Gina Miller: The woman who took the Government to court
Gina Nadira Miller is a powerful British business owner from Guyana with an Indian descent. She is a philanthropist who is leading the so-called “People’s Challenge’’ against Brexit.
Gina Miller mounted a successful legal challenge to prevent Theresa May from triggering Brexit without Parliament’s approval and won! Now that’s how it’s done.
What was Gina’s argument?
Gina argued that it would be unlawful for the Government to trigger Article 50 without MPs approval – she claimed that it would go against the letter of the law and the sovereignty of Parliament.
She told Sky News, “This is in no way to obstruct the Government’s timetable for Brexit. There is a legal process that needs to be followed to ensure certainty. You can’t have on one hand, Parliamentary sovereignty being won back, and at the very same time ignore it. This is much much more fundamental than that”.
Let’s look at the timeline which ultimately lead to her victory.
Year 2016
In June 2016, after the United Kingdom European Union membership referendum, Miller privately engaged the law firm Mishcon de Reya to challenge the authority of the British Government to invoke Article 50 of the Treaty on European Union using prerogative powers, arguing that only Parliament can take away rights that Parliament has granted. Followed which on 3rd, November 2016, the High Court of Justice ruled that Parliament had to legislate before the Government could invoke Article 50.
Miller said outside the High Court: “The judgment, I hope – when it’s read by the Government and they contemplate the full judgment – that they will make the wise decision of not appealing but pressing forward and having a proper debate in our sovereign Parliament, our mother of parliaments that we are so admired for all over the world”.
She further claimed it was not the idea of Brexit that filled her with dread but the idea of an unchallenged, unanswerable government taking “us” back to 1610, “and ripping a hole through our democratic structures”. Despite the fact that her actions were an attempt to defeat the result of a democratic vote.

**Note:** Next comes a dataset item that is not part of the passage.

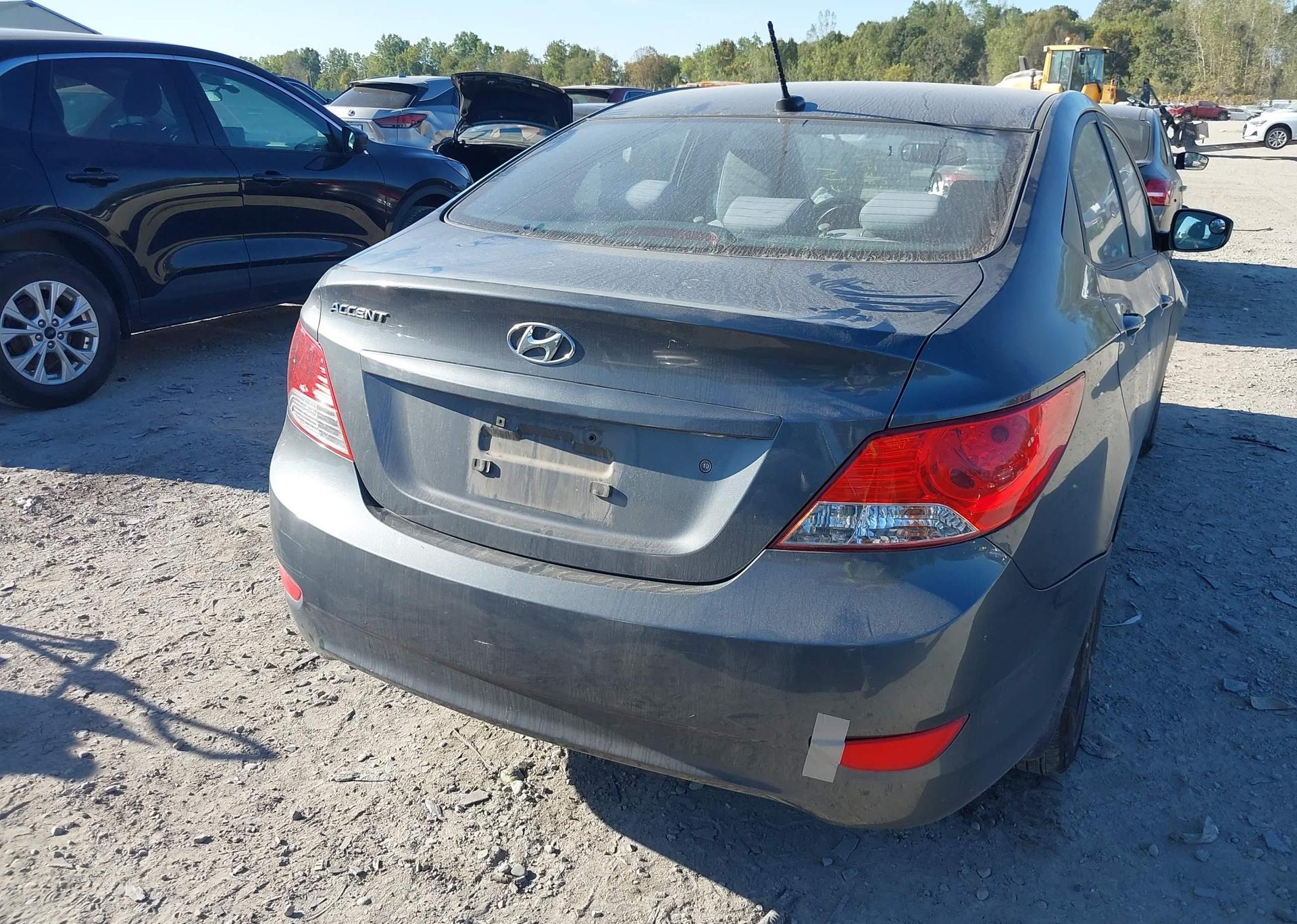 2013 HYUNDAI ACCENT GL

The Government’s appeal to the Supreme Court was heard in December 2016. When closing the hearing, the Court President said that the appeal raised important constitutional issues, and the Justices would take time to give full consideration to the many arguments presented to them, orally and in writing, and they would do their best to resolve the case as quickly as possible. When the Supreme Court delivered judgment in January 2017, it upheld the High Court ruling by a majority of 8–3. Article 50 was subsequently ‘triggered’ by Theresa May on 29 March 2017.
None of this came easy to Gina. The legal challenge met with a “torrent” of abuse from some of those supporting Brexit, including racial abuse and death threats. In the two days following the judges’ decision, more than 79,000 tweets mentioned her account, of which about 13 per cent were hostile. Many referred to her as a traitor and mentioned her perceived “foreign-ness”. Moreover, Miller’s solicitor, Mishcon de Reya, was also subjected to abuse as a result of its involvement in the case, and Brexit supporters mounted a protest outside the firm’s offices.
Year 2017
Miller organised a crowdfunding campaign to back candidates opposed to a ‘hard Brexit’ in the 2017 general election. As of 21 April 2017, the campaign had raised over £300,000. On 26 April 2017, Miller launched the Best for Britain campaign at the Institute of Contemporary Arts in London. The campaign called for a tactical vote to ensure MPs elected would make the final vote on the Brexit deal a real one and encouraged young people to vote. She stated publicly that she personally would vote Liberal Democrat for the first time, having previously been a Labour supporter.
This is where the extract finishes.